Abonos sobem faseadamente 

Confirma-se o aumento no abono das famílias do primeiro (menos de 3071,67 euros por ano) e do segundo escalões de rendimentos (de 3071,67 até 6.143,34 euros por ano). Até 2023, por cada ascendente até aos 17 anos, os pais arrecadarão pelo menos 600 euros por ano (50 euros por mês) “através das deduções fiscais, do abono de família ou de um complemento até somar esse valor”. Nas famílias em situação de pobreza extrema, esse valor duplicará. Só que a implementação desta medida será faseada, garantindo em 2022 o montante de 70 euros por mês e em 2023 o de 100. 

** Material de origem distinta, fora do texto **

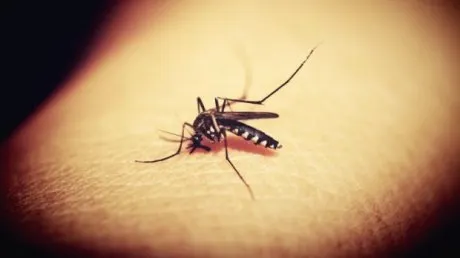 Grecia: Numărul de infectări cu virusul West Nile, în creștere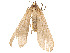 ( - CBG-A51968-G09)  @11 [ ] CreativeCommons - Attribution Share - Alike (2024) CBG Photography Group Centre for Biodiversity Genomics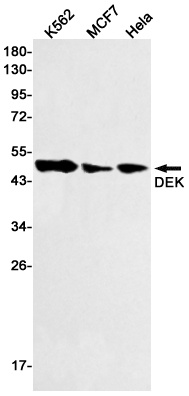DEK Antibody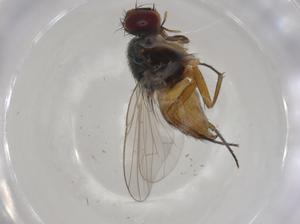  ( - CBG-A00516-B04)  @11 [ ] CreativeCommons - Attribution (2023) Centre for Biodiversity Genomics Centre for Biodiversity Genomics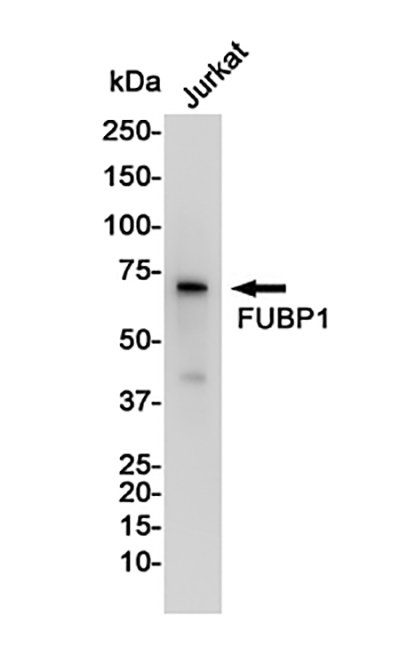 FUBP1 Rabbit Monoclonal Antibody | 兔单抗 | EnkiLife恩玑生命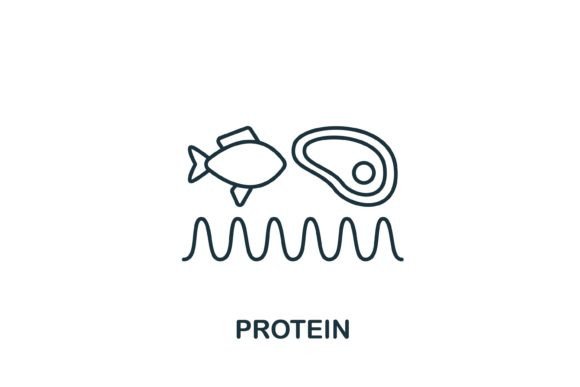 Protein Icon: A Versatile Graphic Design Asset for Modern Branding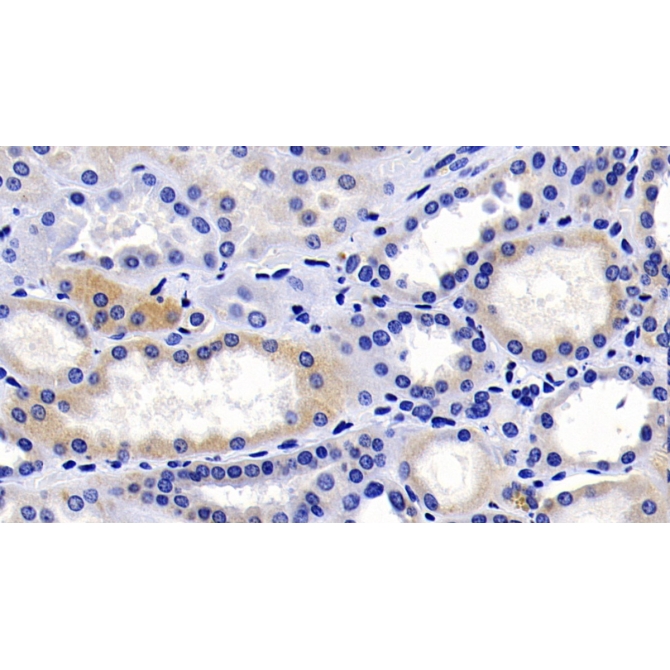 Caspase 9 (CASP9) Human Monoclonal Antibody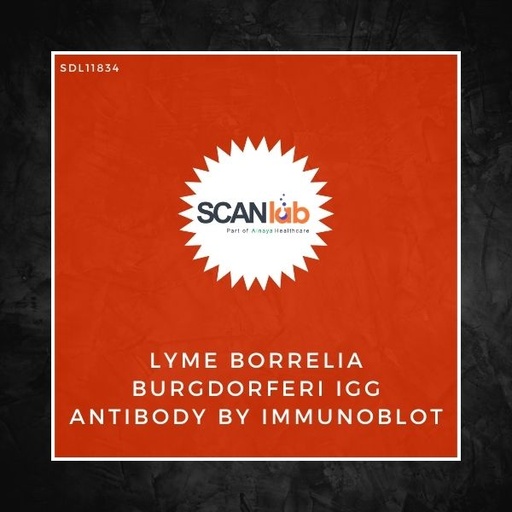 [SDL11834] LYME BORRELIA BURGDORFERI IGG ANTIBODY BY IMMUNOBLOT (SDL11834)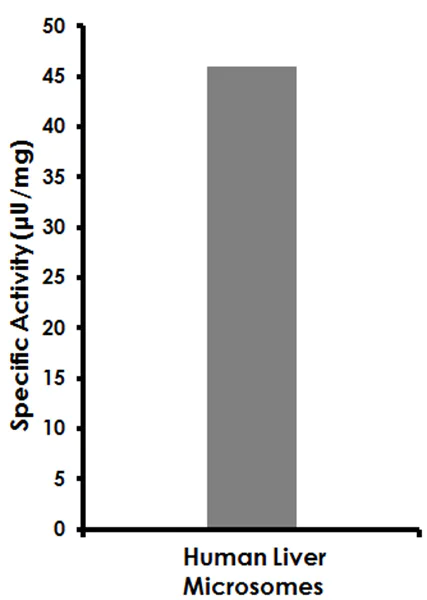 Functional Studies - CYP3A4 Activity Assay Kit (Fluorometric) (AB211076)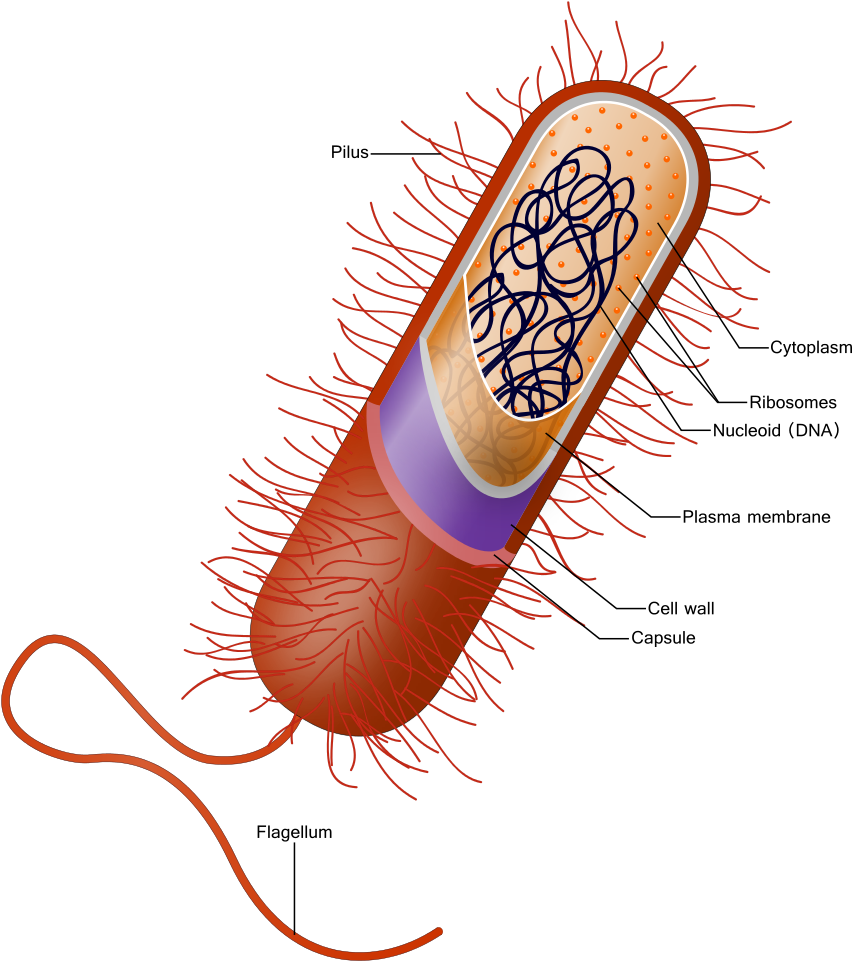 Bacterial Cell Structure Diagram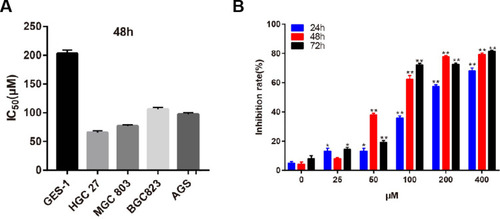 Figure 7 (A) Gentiopicroside displayed a significant growth inhibition in GC cells with IC50 values. (B) Gentiopicroside suppressed HGC-27 cells proliferation significantly under the concentration of 0, 25, 50,100, 200, 400 μM with 24 h, 48 h and 72h incubation, respectively. (*P<0.05, **P<0.01).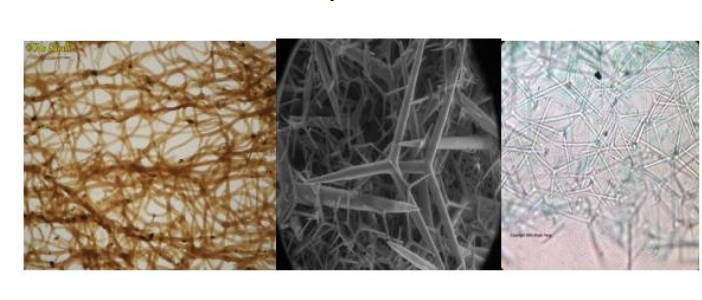 <p>What the endoskeleton of sponges are made of. consist of proteins, calcium, carbonate, and silica.</p>
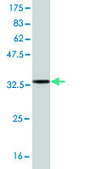 Monoclonal Anti-SYN1 antibody produced in mouse clone 4F6, purified immunoglobulin, buffered aqueous solution
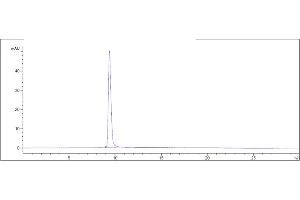 The purity of Anti-Siglec-2 / CD22 Reference Antibody (NCI m971) is 100 % , determined by SEC-HPLC.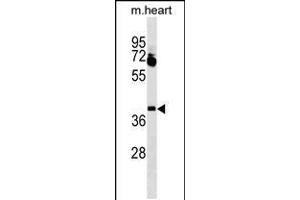 Western blot analysis in mouse heart tissue lysates (35ug/lane). (Lbx1 antibody  (AA 127-155))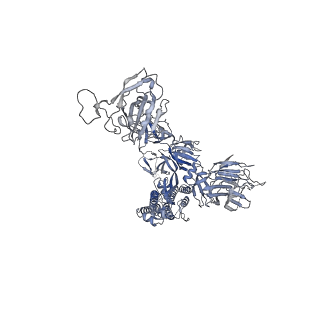 31074_7eh5_B_v1-1
Cryo-EM structure of SARS-CoV-2 S-D614G variant in complex with neutralizing antibodies, RBD-chAb15 and RBD-chAb45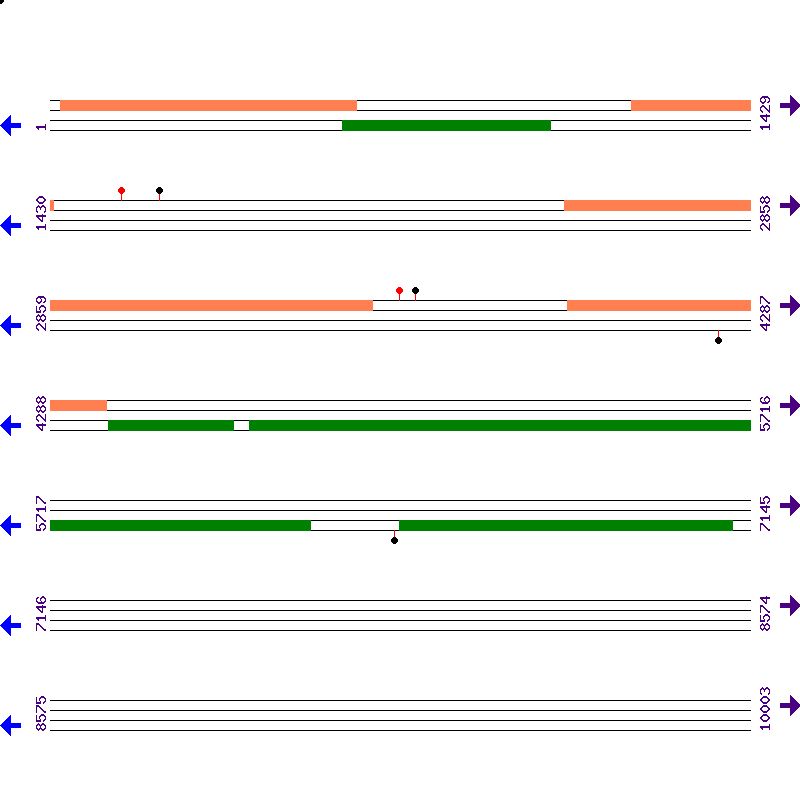 Genome View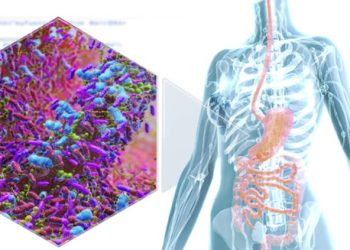 Microscopic view of intestinal bacteria alongside human digestive system illustration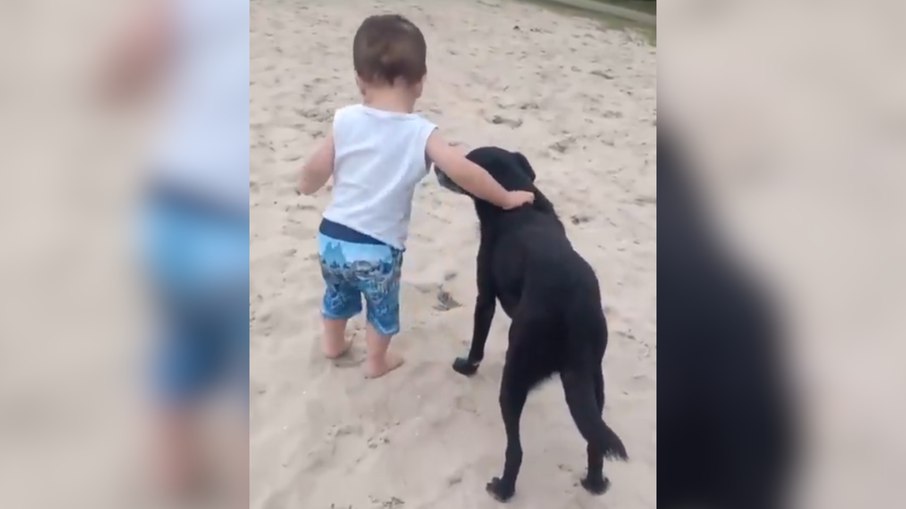 Cachorro ajuda bebê a caminhar e vídeo viraliza Cachorro ajuda bebê a caminhar e vídeo viraliza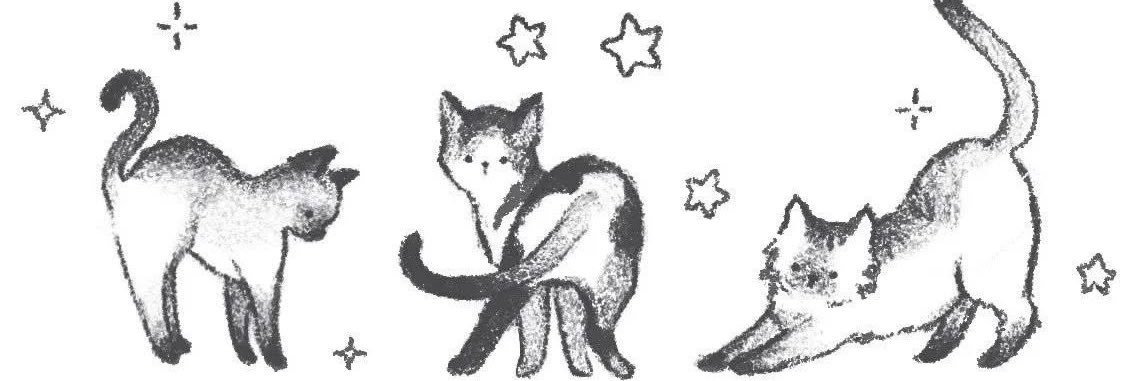 genesispaigec's profile banner image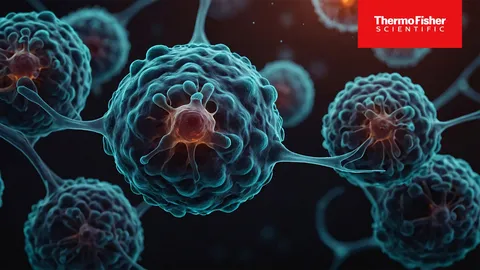 3D illustration of cells interacting, representing circulating biomarkers in biomedical research with Thermo Fisher logo.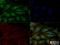 VEGF antibody, NB100-664, Novus Biologicals, Immunocytochemistry image 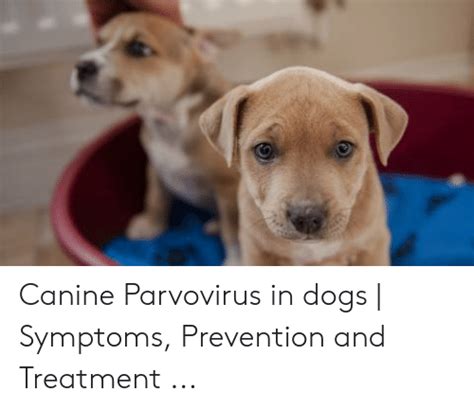 Canine Parvovirus In Dogs Symptoms Prevention And Treatment Dogs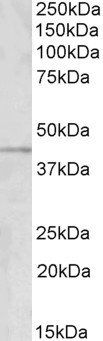 Goat anti-GRAMD3 Antibody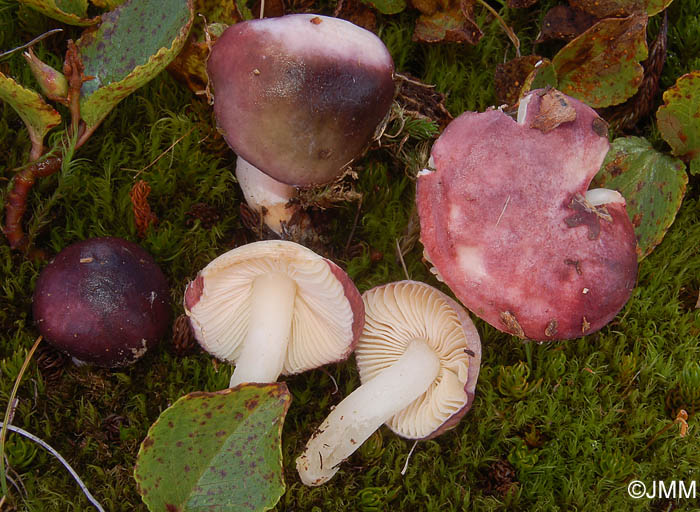 Russula alpigenes = Russula fragilis var. alpigenes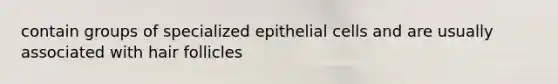 contain groups of specialized epithelial cells and are usually associated with hair follicles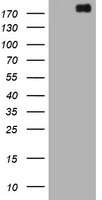 m00301 2 anti alk mouse monoclonal antibody clone id oti1b2 wb testing 1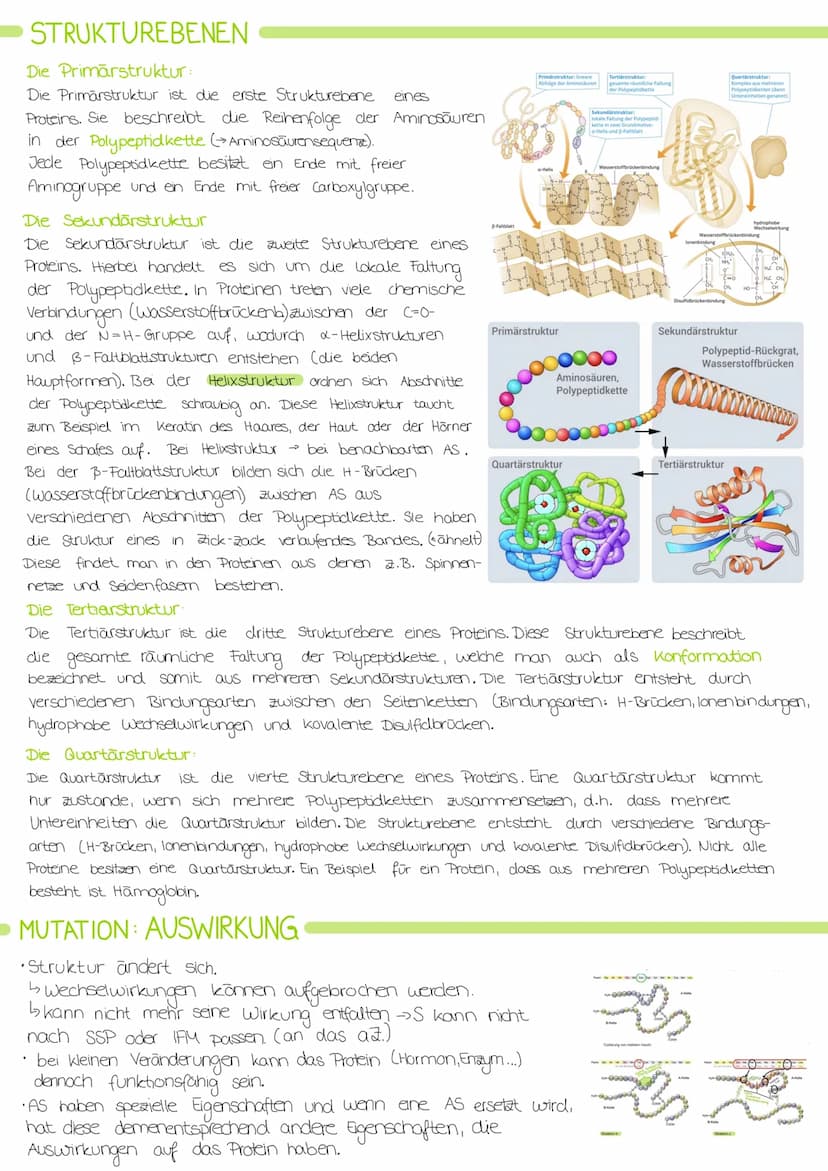 Biologie Lernzettel: Struktur und Funktion von
Enzymen
AMINOSAUREN
Proteine bestehen aus verknüpften Aminosäuren.
•Alle Aminosäuren haben di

Quer isto dizer que para as crianças pobres a subida é modesta: agora recebem 41,23 entre os três e os seis anos e 30,93 a partir dos seis. Para as que vivem em pobreza extrema, a subida é assinalável (agora recebem 49,95 e 37,46 respectivamente).

Os titulares do direito a abono de família acima do segundo escalão não foram esquecidos. Os que não obtiverem um valor total anual de 600 euros por criança ou jovem, entre o abono de família e a dedução à colecta de IRS, poderão vir a receber a diferença para esse valor. Este valor será igualmente atingido de forma faseada para as crianças com mais de 6 anos, sendo o valor em 2022 de 41 euros por mês (492 euros/ano).

A creche passou a ser gratuita para as crianças do primeiro e do segundo escalão em Setembro e assim deverá continuar no próximo ano.